Next to the church of St Levan in west Cornwall is a huge geological erratic boulder, split in two by some colossal force; if you believe the folklore, by St Levan striking it with his staff. The rhyme goes:
When with panniers astride
A packhorse can ride
Through Saint Levan's Stone
The world will be done
And, so the legend goes, on nights when the storms rage above the Penwith Peninsula the Devil comes and pulls the stone a little farther apart. Why he should want to do this when it means his inevitable final defeat, who knows, but then although the Devil is shrewd he has fundamentally got the wrong end of the stick, and is sadly misled about his chances.
The other day, feeling entirely unable to do anything other than read a bit, I took down off my shelves Essays Catholic and Radical, which, elderly though it is - it was jointly compiled by Archbishop Rowan Williams when he was but a slip of a college tutor, and when giants such as Fr Ken Leech and Fr Gresham Kirby still bestrode the land - I had never dipped into.

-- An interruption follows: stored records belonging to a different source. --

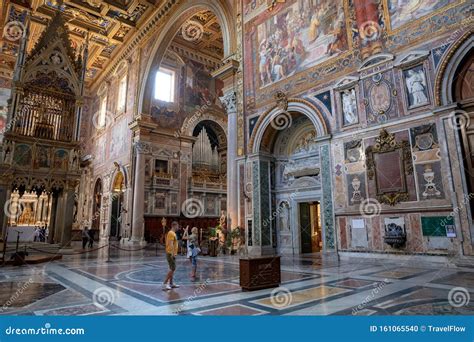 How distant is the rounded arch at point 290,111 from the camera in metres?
10.9

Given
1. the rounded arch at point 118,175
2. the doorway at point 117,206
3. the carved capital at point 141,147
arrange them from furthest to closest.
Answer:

To my surprise there is an essay included, by the aforesaid Gresham Kirby, entitled 'Kingdom Come: the Catholic Faith and Millennial Hopes'. Now this last year I have been grappling to bring together two impulses that I find warring within my outlook: a reformist instinct and an apocalyptic conviction. I want things to get better, for human beings (all human beings, so far as it can be arranged) to lead fuller and richer and happier lives, and for the lovely things that I have enjoyed so far in my life to continue, and for others to enjoy them too. Yet, at the same time, I am part of a faith which looks towards a cataclysmic upheaval ushering in the Kingdom, the everlasting reign of God, which presumes, at the very least, a sense of division, the final separation of good and evil, and that will not be an easy process. So I want someone to help me through this.

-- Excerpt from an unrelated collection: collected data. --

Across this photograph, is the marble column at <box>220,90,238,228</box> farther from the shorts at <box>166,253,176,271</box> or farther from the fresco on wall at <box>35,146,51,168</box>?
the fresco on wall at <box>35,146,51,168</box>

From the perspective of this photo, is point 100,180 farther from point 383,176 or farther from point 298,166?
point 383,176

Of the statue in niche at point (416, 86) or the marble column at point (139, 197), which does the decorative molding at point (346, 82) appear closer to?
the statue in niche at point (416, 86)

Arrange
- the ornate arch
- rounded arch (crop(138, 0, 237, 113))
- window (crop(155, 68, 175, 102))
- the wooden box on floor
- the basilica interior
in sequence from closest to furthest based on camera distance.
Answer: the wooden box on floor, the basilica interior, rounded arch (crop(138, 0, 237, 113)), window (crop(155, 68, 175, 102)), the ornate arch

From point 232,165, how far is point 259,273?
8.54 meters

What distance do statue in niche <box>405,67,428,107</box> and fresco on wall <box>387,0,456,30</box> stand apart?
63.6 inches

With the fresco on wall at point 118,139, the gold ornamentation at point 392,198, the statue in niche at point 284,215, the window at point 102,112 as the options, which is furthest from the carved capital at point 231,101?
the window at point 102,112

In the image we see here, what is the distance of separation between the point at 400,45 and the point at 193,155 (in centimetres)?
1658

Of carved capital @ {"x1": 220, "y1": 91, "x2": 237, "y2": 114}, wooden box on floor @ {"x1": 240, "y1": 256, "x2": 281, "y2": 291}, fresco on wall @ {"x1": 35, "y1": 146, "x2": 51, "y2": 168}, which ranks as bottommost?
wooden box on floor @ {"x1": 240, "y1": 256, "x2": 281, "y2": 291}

Sadly Fr Kirby does not. Although his essay begins with a thorough castigation of the Catholic Movement for its Platonism and idealism, its neglect of eschatology, it turns out to be promoting another version of reformist Christianity, just a more radical and left-wing one than envisaged by the majority of the bench of bishops. The giveaway comes when he discusses the Ascension, dismissing any idea of Jesus's earthly return as 'a misreading of the symbols' - without even bothering to mention the statement the angels make to the disciples in Acts that 'you will see him return in the same way as you saw him depart'. I am far from ever arguing that the Scripture needs to be taken literally, but it does need to be taken in some way, and not just ignored because it doesn't fit.

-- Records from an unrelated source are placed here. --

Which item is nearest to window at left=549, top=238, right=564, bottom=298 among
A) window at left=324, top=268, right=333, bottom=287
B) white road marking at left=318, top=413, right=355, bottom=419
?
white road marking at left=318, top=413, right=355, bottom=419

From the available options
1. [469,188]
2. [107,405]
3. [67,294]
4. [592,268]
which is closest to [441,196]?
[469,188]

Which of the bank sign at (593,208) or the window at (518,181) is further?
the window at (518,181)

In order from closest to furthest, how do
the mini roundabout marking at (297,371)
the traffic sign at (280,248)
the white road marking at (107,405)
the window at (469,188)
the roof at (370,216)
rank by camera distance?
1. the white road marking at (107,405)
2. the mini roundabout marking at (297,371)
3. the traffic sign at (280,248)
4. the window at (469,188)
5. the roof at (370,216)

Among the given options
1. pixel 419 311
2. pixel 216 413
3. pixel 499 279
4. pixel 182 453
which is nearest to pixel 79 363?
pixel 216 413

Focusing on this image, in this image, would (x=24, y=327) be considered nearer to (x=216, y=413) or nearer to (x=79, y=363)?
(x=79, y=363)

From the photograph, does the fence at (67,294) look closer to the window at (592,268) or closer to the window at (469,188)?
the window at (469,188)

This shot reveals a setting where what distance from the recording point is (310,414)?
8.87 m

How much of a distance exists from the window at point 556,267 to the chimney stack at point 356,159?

What I think I am moving towards is the idea that the apocalyptic motion involves our efforts to reform the current order - that discovering the effects of our economic life on the planet, or the deep embedding of racial hierarchy and the legacy of Empire, or the things we may do or fail to do as a result of the pandemic, are themselves steps along the way towards the final crisis. It is not that we will be either passively waiting for Christ to return and doing nothing, or making the world so Godly and perfected that he will then return, or even that human effort at building the Kingdom is what the parousia means, and so that is the Apocalypse; but that our discoveries are an inescapable part of it - inescapable, because this trajectory is the will of God. It isn't the Devil who pulls apart the Stone of St Levan every storm-racked night: led by the Holy Spirit, it's us.